One thing that annoys me about some websites is search functionality, and the lack of relevant results that they return. In theory a search feature is a relatively simple concept, you type a keyword for what you are looking for, and a list of matching results are provided. While this looks pretty simple on the front end, the back-end of search queries is a complicated process.
For me, when creating a new search system, it’s always best to start it out pretty simple. A simple database query to find a simple match in a simple database field. Let’s use a recent project I’ve been working on as an example.
Let’s assume our table looks like this.
+-------+------+--------+----------------+-------+---------------+--------------+------------+ | entry | item | system | title | extra | description | tags | date | +-------+------+--------+----------------+-------+---------------+--------------+------------+ | 11 | 47 | 2 | Anthonys Video | 23412 | anthony sho.. |anthony,kinson| 1346172183 |
SELECT * FROM tag_items WHERE title='Anthonys Video'
To simple right? The reason for this is that I want to just return something, anything at all, so that I can start programming and styling the front end to start receiving data for output. At this point there is no sense in me creating complex queries because I’m not absolutely certain that the table or front end will continue to work the way it is at this point. However, once I have completed my front end and have it all functioning we knock things up a step, and this next step is usually where most websites leave it.

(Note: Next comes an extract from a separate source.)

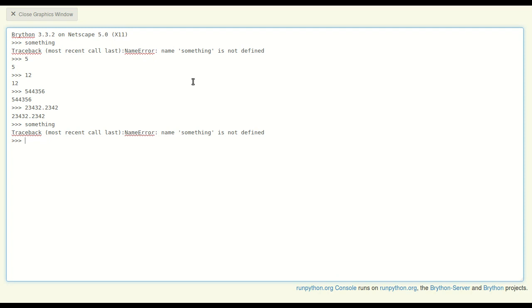Type the name 'something' and an equal sign, and then I can type a literal number like 5. So 'something equals 5.' Didn't get an error. So let me try typing 'something' now.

SELECT * FROM tag_items WHERE title LIKE '%Ant%' ORDER BY date DESC LIMIT 0,10
So as you can tell from this query, we’re searching the table for items which have a “Title” like “Ant” (where Ant is the search term) and orders them so the most recent entries will show first. Some websites will give various options for this type of search, such as a drop-down offering to search by Title, Description or tag words. This is all very well for a lot of sites as they don’t need anything more expansive than this, especially when the user knows exactly what they are looking for.
The problem with this is that with today’s internet, search is used a lot as a discovery portal, a way for users to find and discover new things which are of more relevance to what they are looking for. To do this, we need to offer a search that doesn’t just deliver content to a user based on a single factor such as a title.
At Duxter, to tackle this problem I devised a simple relevance and weighting system, we take each possible search field, and we assign it a value. In this case we’ll use the following where a higher number is more relevant.
Exact “title” Match = 100 points
Partial “title” Match = 10 points
Partial “tags” Match = 7 points
Partial “extra” match = 5 points
Partial “description” match = 2 points
Let me explain these values. If you search for “Big Foot Spotted” then chances are you know what you’re looking for. If an entry is found with the exact title “Big Foot Spotted”, this will be highly relevant so we give it an excessively high score so that it’s listed above all other results which may only of had partial matches. For example, if we had an entry called “Big Spotted Foot” it is relevant, but probably not what the user was looking for. For this reason we give partial matches of a title 10 points. We then take into account other factors, such as what tags the item has, extra data supplied, and the description.
Tags are usually a good way to find content based on keywords, but tags get reused a lot and often assigned to things with little relevance, so we consider these less important than the title of the item. Extra, for us, stores extra identifying information, such as video ID’s and object keys, we only use this in our search queries so that you can search for items based off of a video id . Lastly is our lowest priority, the description. The reason for this is because descriptions often contain a lot of words so there’s more chance of matching something irrelevant.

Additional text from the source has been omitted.